But a decade before K-Pop Demon Hunters came the J-pop demon hunters: The aspiring idols, actors and models of Tokyo Mirage Sessions #FE, a videogame that first released in Japan in December 2015 – Final Fantasy X-2’s girl group deserves kudos as well, but that’s a different essay. Tokyo Mirage Sessions #FE fuses the Fire Emblem and Shin Megami Tensei series; your cadre of entertainers wage war alongside interplanar allies who reimagine characters from the former with the gnarly aesthetic sensibility of the latter. In other words, boyish cavalier Cain sports a horned helmet and swaps his horse for a motorcycle.

One of the finer, more refreshingly creative RPGs of the 2010s, Tokyo Mirage Sessions #FE imbues its showbiz fantasy with remarkable diegetic texture. In the vein of the Persona series, dungeons give physical shape to psychological phenomena and power structures: Consider the level that explores the relationship between photographers and their subjects, with vaguely Escherian architecture that evokes the disorienting effect of being captured on camera. Then there’s combat: While party members in turn-based RPGs often strike nonsensically flashy poses during and after battles – who are they stunting for? – our crew here hams it up with professional purpose as fights unfold beneath bright lights and before a voracious audience. When characters execute cross-team combos they call out the name of the next companion in the queue, as though introducing a guest on a track. And worry not: Every attack in a chain nets you cash or an item. All labor is rewarded generously, each worker spared alienation. That’s praxis.

The game’s plot culminates with the party staging an ancient opera to banish a primordial foe. The climax poses a question that, ten years on, maintains a distinct sense of urgency: What does art offer us at the brink of the abyss? The answer lies in the meaning our protagonists find in a long-forgotten text – in the work’s function as a time capsule that, once cracked open, reveals the context, vocabulary and direction they need to avert the apocalypse.
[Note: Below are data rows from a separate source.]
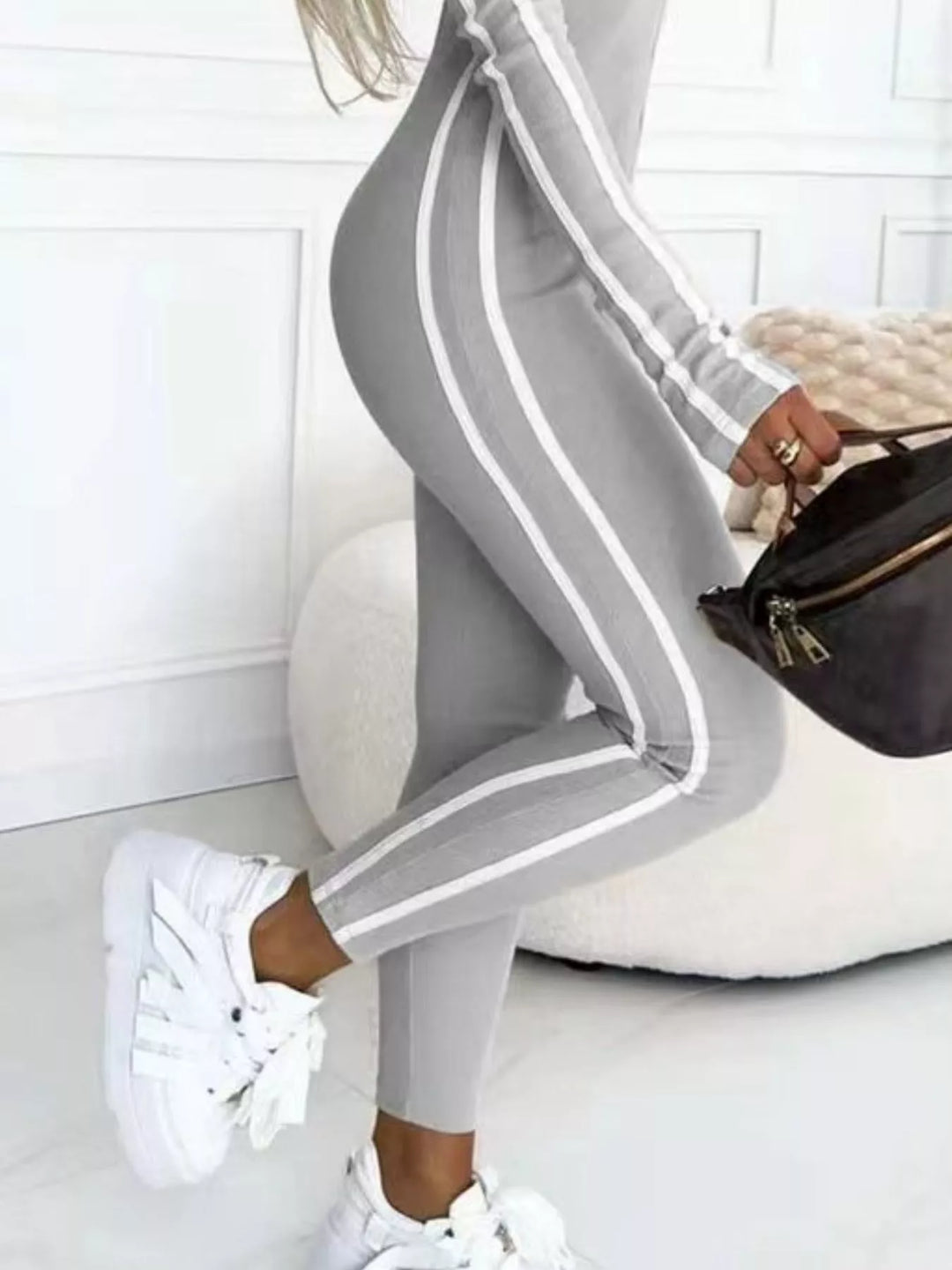Gray striped jumpsuit from the hip down with white sneakers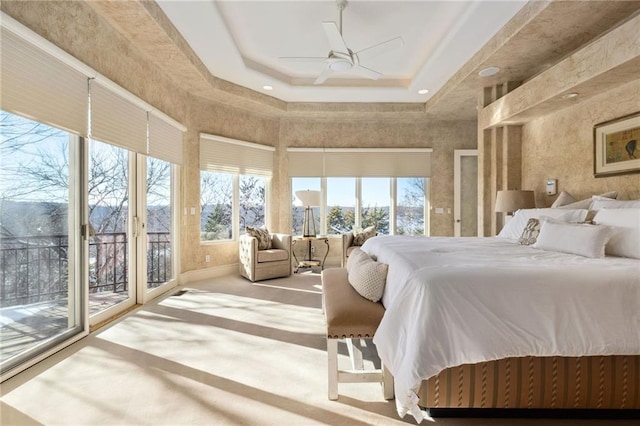 bedroom with access to exterior, a raised ceiling, a towering ceiling, a ceiling fan, and carpet flooring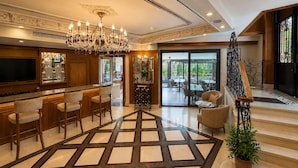 A spacious lobby with a bar area, a chandelier, and a staircase leading to an upper floor.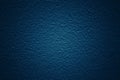 Dark blue tone background with patterned and textured concrete wall surface Royalty Free Stock Photo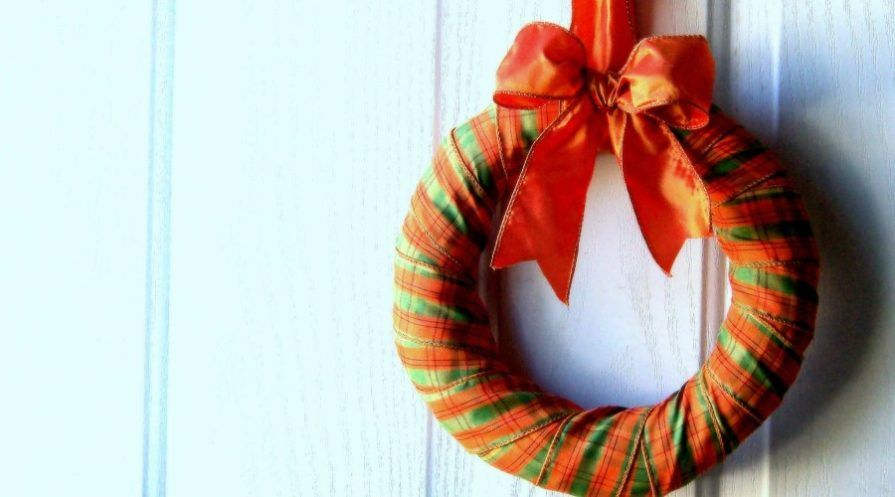 ribbon wrapped wreath on blank white door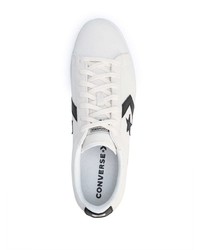 Baskets basses en toile imprimées blanches et noires Converse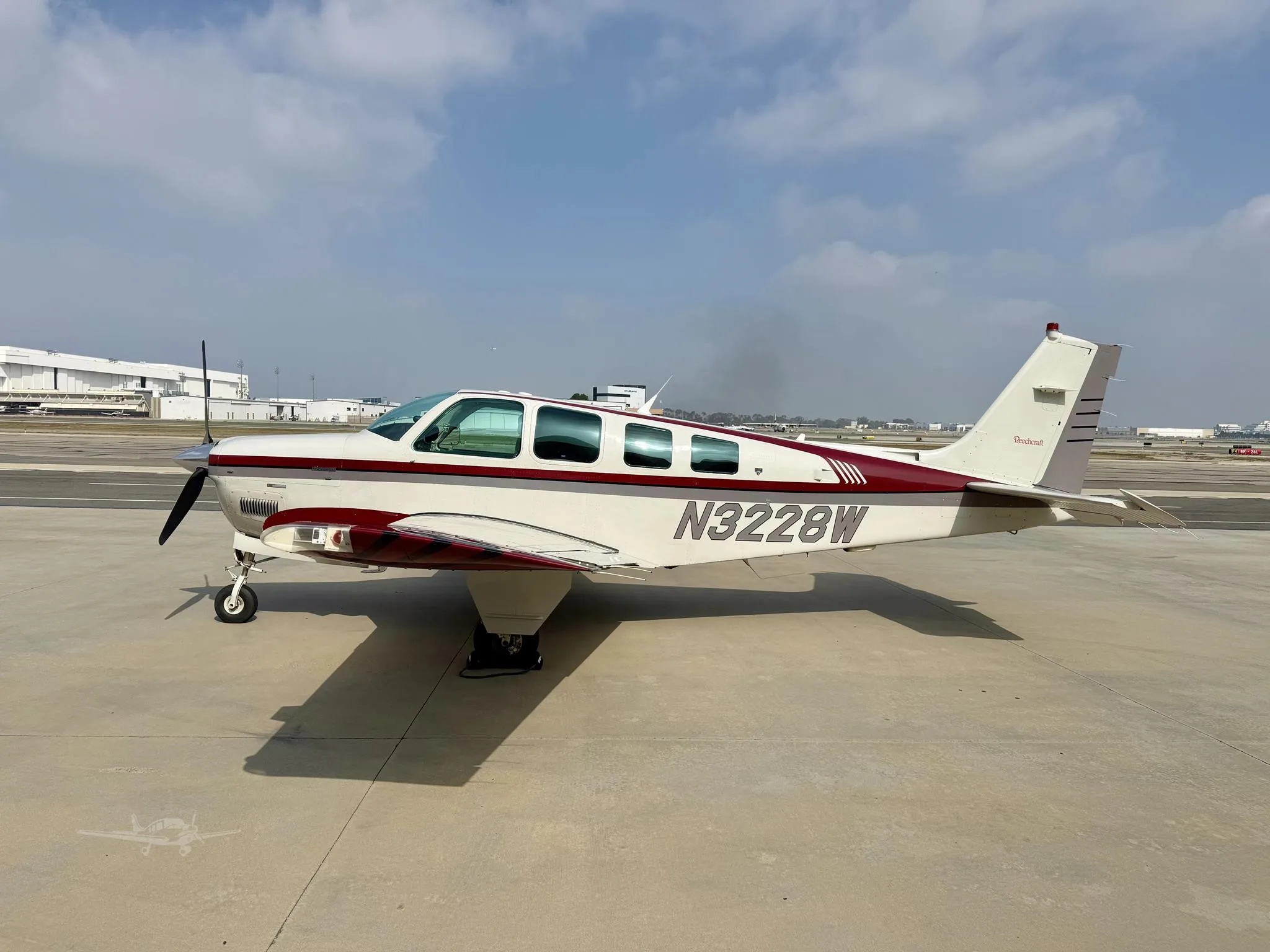 Exterior view of a 1995 BEECHCRAFT A36 BONANZA, N3228W.
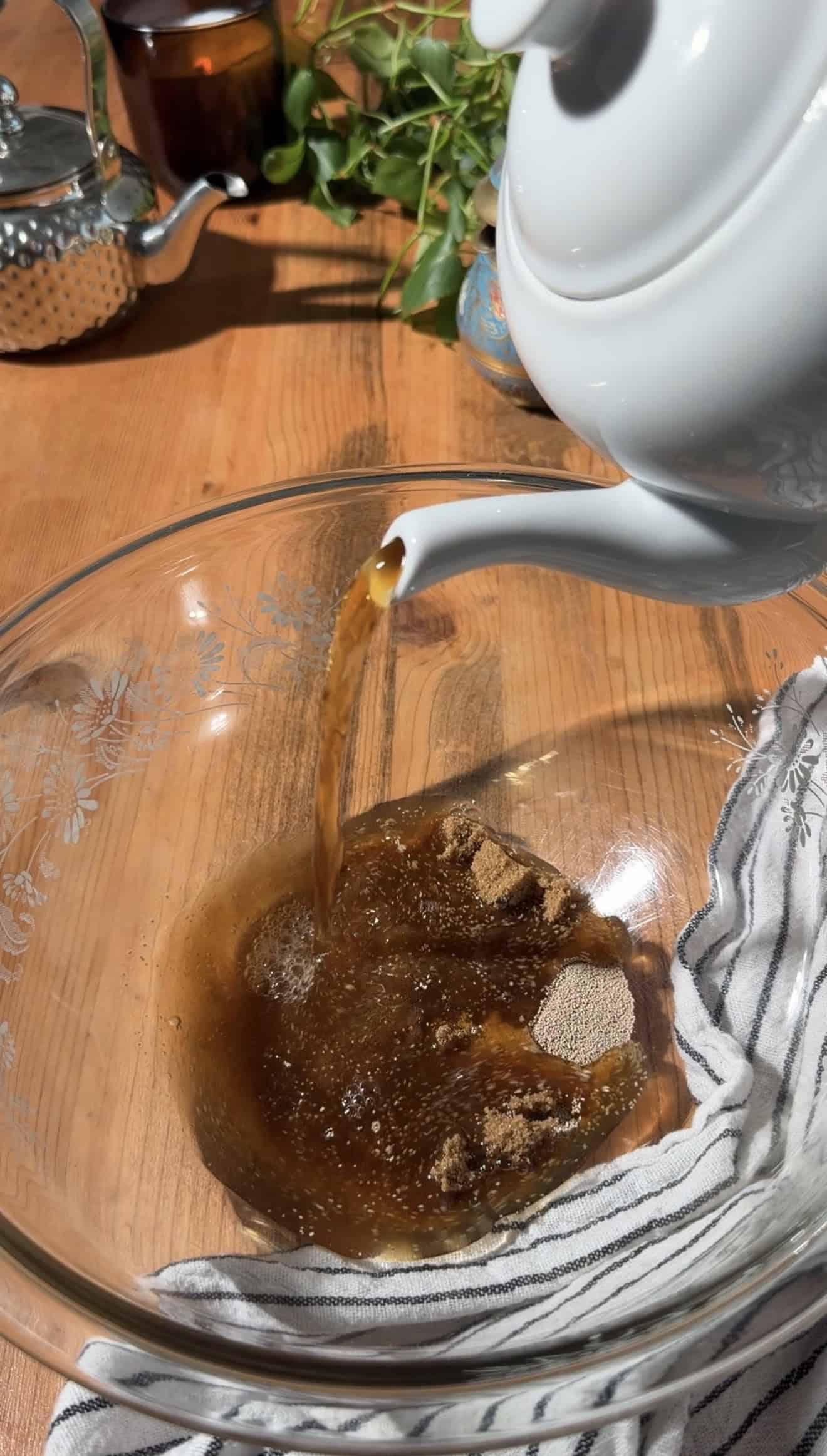 Tea pouring from a white kettle into a glass mixing bowl.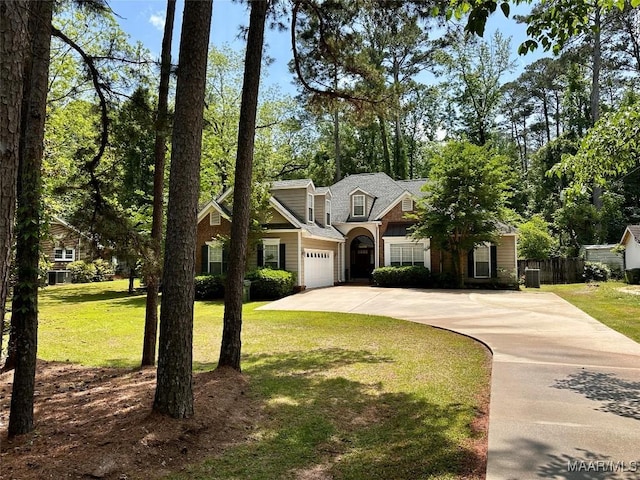 traditional-style home featuring fence, driveway, an attached garage, and a front yard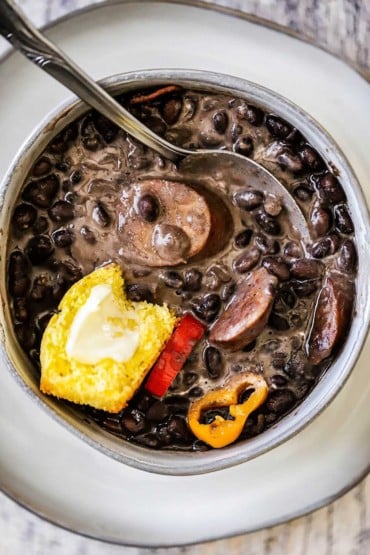 An overhead view of a soup bowl filled with black bean soup with andouille and topped with a piece of buttered cornbread and slices of peppers.
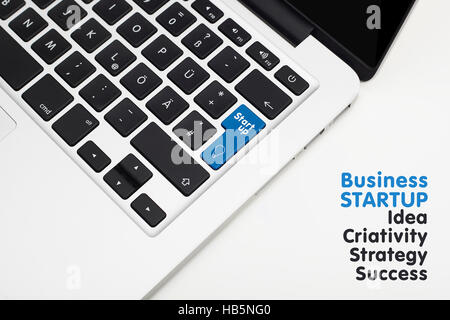 Laptop's keyboard with blue Start up key and copyspace Stock Photo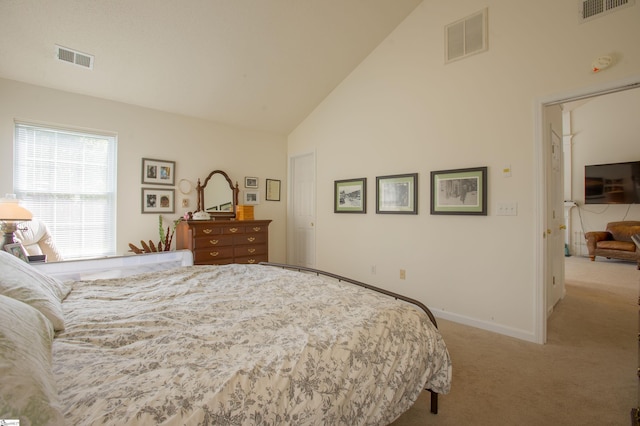 carpeted bedroom with baseboards, visible vents, and high vaulted ceiling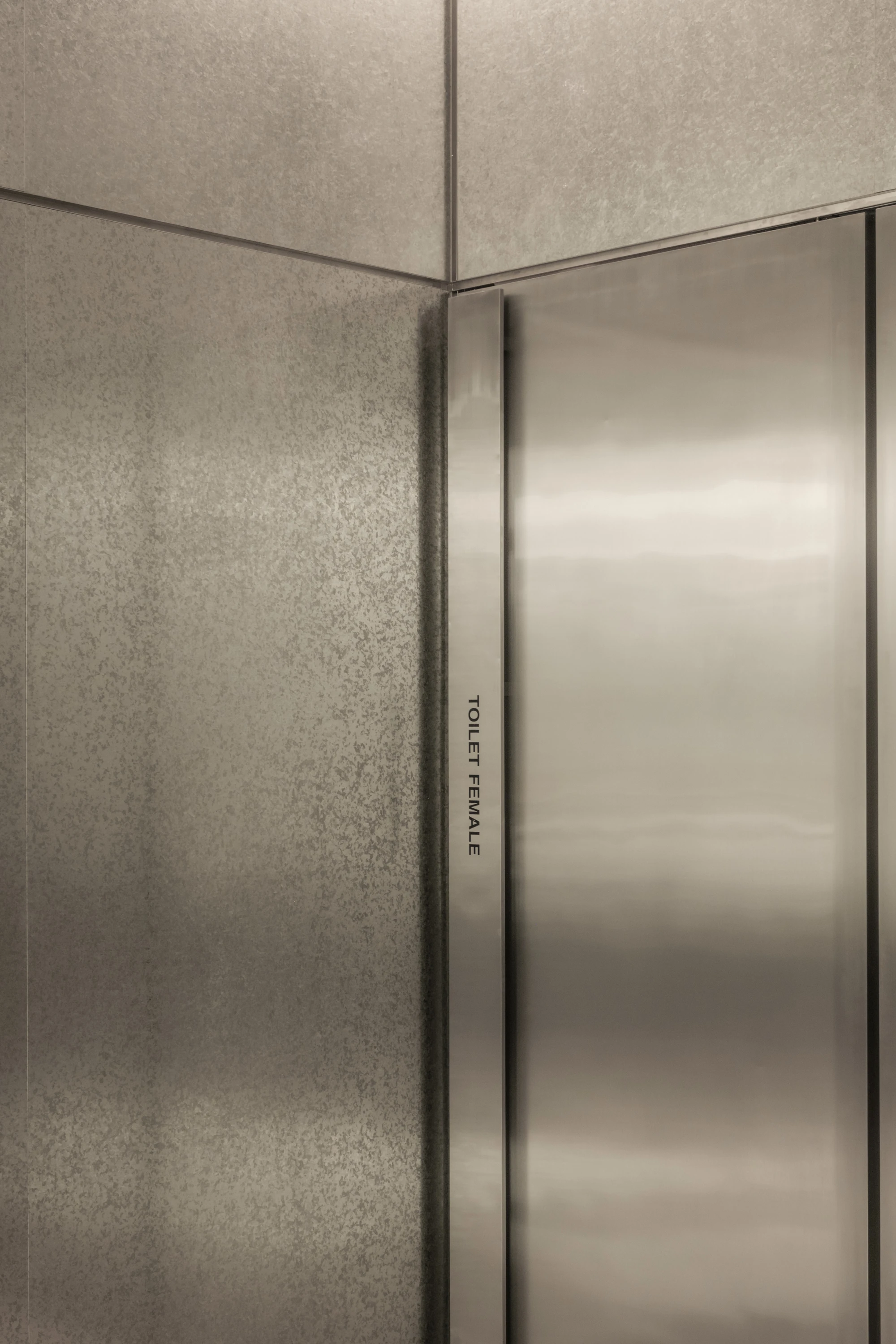 OUNASS STAGE by VAUST, photographed by Nicolas Quiniou — detail of a stainless steel toilet door in the rear wall with a hairline engraved Toilet Female label set vertically into the frame, surrounded by mottled galvanized steel cladding.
Art, as Tokyo Mirage Sessions #FE understands, can catalyze reckonings. It can serve as a reminder that evil is persistent but rarely novel; a monstrous force that wields familiar tactics, wearing new faces while exploiting old fears. But art reminds us, too, that for as long as evil has assailed us, humanity has mustered the imagination and courage, the personal and collective will, to crush it. To hunt the demons everywhere, every time. Tokyo Mirage Sessions #FE knows that art is a pen, yes, but also a sword. We all have a role to play.